Le label Domino Records accueille depuis peu LA Priest (aka Sam Dust). Loin d’être un novice, ce Britannique a squatté la une des revues musicales en 2008, avec trois camarades, sous la bannière de Late Of the Pier. Il revient aujourd’hui avec un projet solo diablement convaincant. Au carrefour de pistes multiples – electro, funk, prog-rock – ce fan d’Aphex Twin ne s’impose aucune règle. Il façonne et assemble des sonorités hybrides délivrant des morceaux novateurs emplis d’un groove fulgurant. Rencontre avec le créateur d’une oeuvre kaléidoscopique.

 

Tout a-t-il commencé avec le groupe Late Of the Pier ?

Non, bien avant. Je m’intéresse à la musique quasiment depuis que je sais marcher ! Mes parents avaient chacun leur groupe et je les observais. J’attrapais leurs instruments et les manipulais. J’imitais aussi les popstars qui passaient dans The Chart Show, comme Björk ou ce bon vieux Peter Gabriel.

Comment décririez-vous votre musique ?

C’est une des choses les plus difficiles à faire ! Lorsque je joue un morceau, il peut prendre une forme différente du jour au lendemain. C’est une musique caméléon, qui se transforme continuellement. Et dans laquelle on perçoit un paquet de références… Chacun de mes morceaux, quel qu’il soit, combine diverses influences. Je pioche dans tous les styles et tous les horizons géographiques. Je n’ai aucune barrière.

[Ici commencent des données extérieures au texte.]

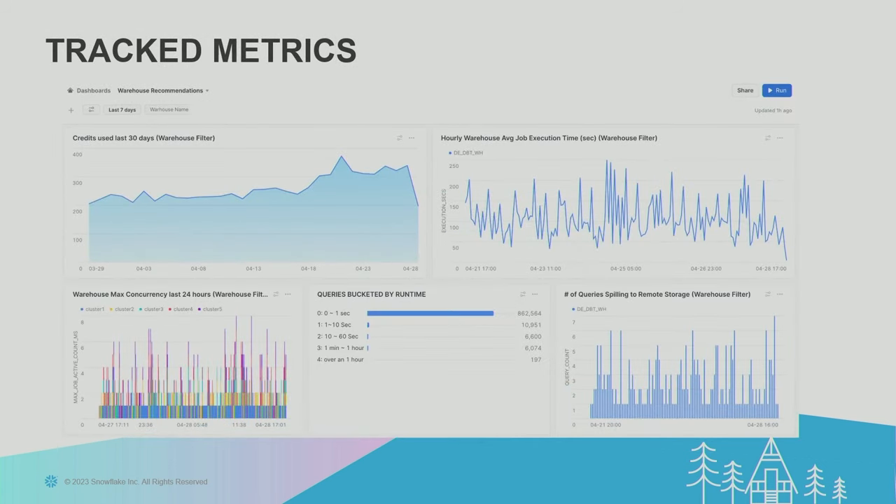From query fingerprinting, here's a formula we've used: assign a weight to the query by summing the credit hours times the execution time, then use that weight to categorize or group queries into your most expensive and most frequent queries. Once you have those queries set, you can drill down in the specific warehouse to look at those detailed metrics. Here's an example of one of our SnowSight dashboards showing that information. You can see average job execution on the right with big spikes — if your average runtime is going up really high, there could be some contention on your warehouse.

On pense aussi à Aphex Twin ou à Prince à l’écoute de votre
album…

J’aime beaucoup ces deux artistes. Cela doit venir de leur intégrité. On ne compose pas de la musique seulement pour faire plaisir aux autres. On s’épanouit vraiment lorsqu’on fait ce qu’on veut. Il faut prendre des risques, rester ferme sur ses positions et être sûr que votre travail vous satisfait. Pour Aphex Twin, cela a particulièrement bien fonctionné.

Erol Alkan a-t-il aussi compté pour vous ?

Erol est un génie. C’est l’un des musiciens les plus talentueux avec lesquels j’ai travaillé. Ces dernières années j’ai aussi collaboré avec des artistes émergents, mais en définitive je compose plutôt seul.

Du coup, ce nouvel album répond-il à vos attentes ?

Je n’avais pas vraiment d’idée au départ, mais le résultat final me
plaît. J’ai cherché à lui donner du relief, de la profondeur, en superposant
et mélangeant plusieurs sonorités et idées dans un seul morceau.

Pourquoi êtes-vous allé au Groenland pour réaliser cet album ?

Après de longs mois enfermé à cause de l’enregistrement j’avais besoin de faire une pause. J’ai alors rejoint un ami qui travaillait sur place. Mais, une fois là-bas, j’ai rencontré une bande de mecs qui m’ont conseillé de me rendre dans une ville minière du coin, réputée pour ses phénomènes musicaux étranges.

C’est-à-dire…

Il y avait là plein d’interférences qui donnaient aux sons un côté surnaturel. Réutilisées dans mes morceaux, celles-ci créent des sonorités festives assez bizarroïdes. La plupart des musiciens en auraient sûrement tiré des compositions plus sensibles, en harmonie avec le paysage. D’ailleurs, si j’y retournais, je réaliserais peut-être quelque chose de plus sérieux.

A quoi peut-on s’attendre sur scène ?

Sachant que je me produis seul, on me demande comment je parviens à combiner tant de variations. En concert je crée un système dans lequel tous mes instruments sont enchaînés, formant un set étrange. Les séquences s’éparpillent mais je peux les contrôler. Sur scène, je veux montrer les rouages de mes compositions en remontant jusqu’à l’origine des sons. En plus, j’exécute des loopings imprévisibles avec ma voix. Je trouve que ma musique, sur CD, reste trop figée.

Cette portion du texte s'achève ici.